Jon Lindemann wrote:I know this is an cold "Beta" thread, but do you have any new recommendations regarding archiving large virtual disk images in Parallels?
Well, there's a new beta on the horizon, so this seems like a good time to warm up some of these threads.
As you mentioned, shifted quanta detection isn't effective with files like disk images, for all of the reasons previously given. So the only issue is how much time/effort will it waste.
The Virtual machine is run only 1-2 times/month; the associated ".hdd" file is currently 45 GB.
Shifted quanta detection can add somewhere between a little and a lot of overhead to the capture process, depending on a wide variety of factors including the aggressiveness of the detection, the size of the archive, the amount of RAM available, the speed of your I/O, and so on. As a rule, it can slow your captures speeds anywhere from 20% to 10,000%.
But in your case, it probably won't matter in the grand scheme of things. Let's say you move your disk image to your new "Docs" partition and begin capturing it to your Docs archive, and that archive uses shifted quanta detection. By your own admission, you only modify these virtual machine images a couple of times a month. So 93% of the time, QRecall won't be capturing these files because they haven't changed.
Of the 7% of the time QRecall does recapture it, most of the data in these disk images is already duplicate (unshifted). Even with shifted quanta detection set to it's most aggressive setting, QRecall
always looks for duplicate un-shifted data first. Since 99% of the data in your disk image file doesn't change or move, 99% of the data will be immediately recaptured as duplicate data with no shifted quanta analysis.
In the end, you'll only be taking a performance hit on 1% of the data in 7% of your captures. Even if shifted quanta detection made your captures 10 times slower, that's only impacting 0.01% of your total capture time. I doubt you'll ever notice.
Well, you will notice once; specifically, the first time you move these disk image files to your new partition and capture them for the first time. That's going to be your worse-performing capture. But after that, it should be smooth sailing.
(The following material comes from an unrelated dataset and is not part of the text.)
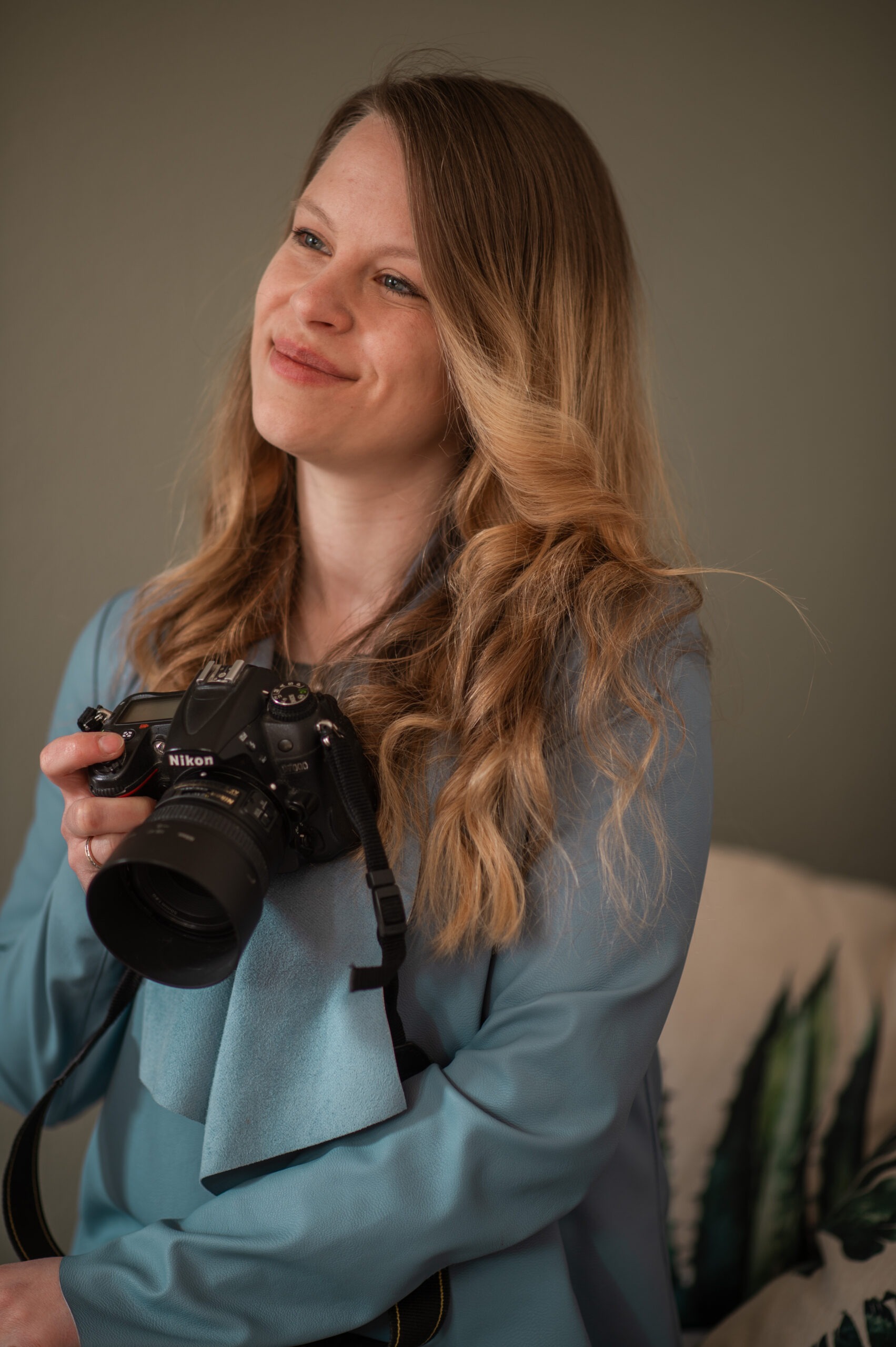Portrait von der Hunde Fotografin Melanie Dulat mit Kamera in der Hand und lächelnd nach links schauend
Parallels apparently has an option to split the ".hdd" into 2 GB files: would that avoid archiving the entire 45 GB ".hdd" file every time it's changed?
This won't make any difference. That option is just so you can store Parallel virtual machine files on a filesystem that don't support huge files. It would only improve your QRecall performance if only one of the .hdd segments changed. It's virtually (no pun intended) impossible for that to happen. It would be like booting your OS X system and expecting only data on the second half of your hard drive to be modified. What will happen is that all of the .hdd segment get modified and QRecall will have to recapture them all, and ultimately the exact same amount of data.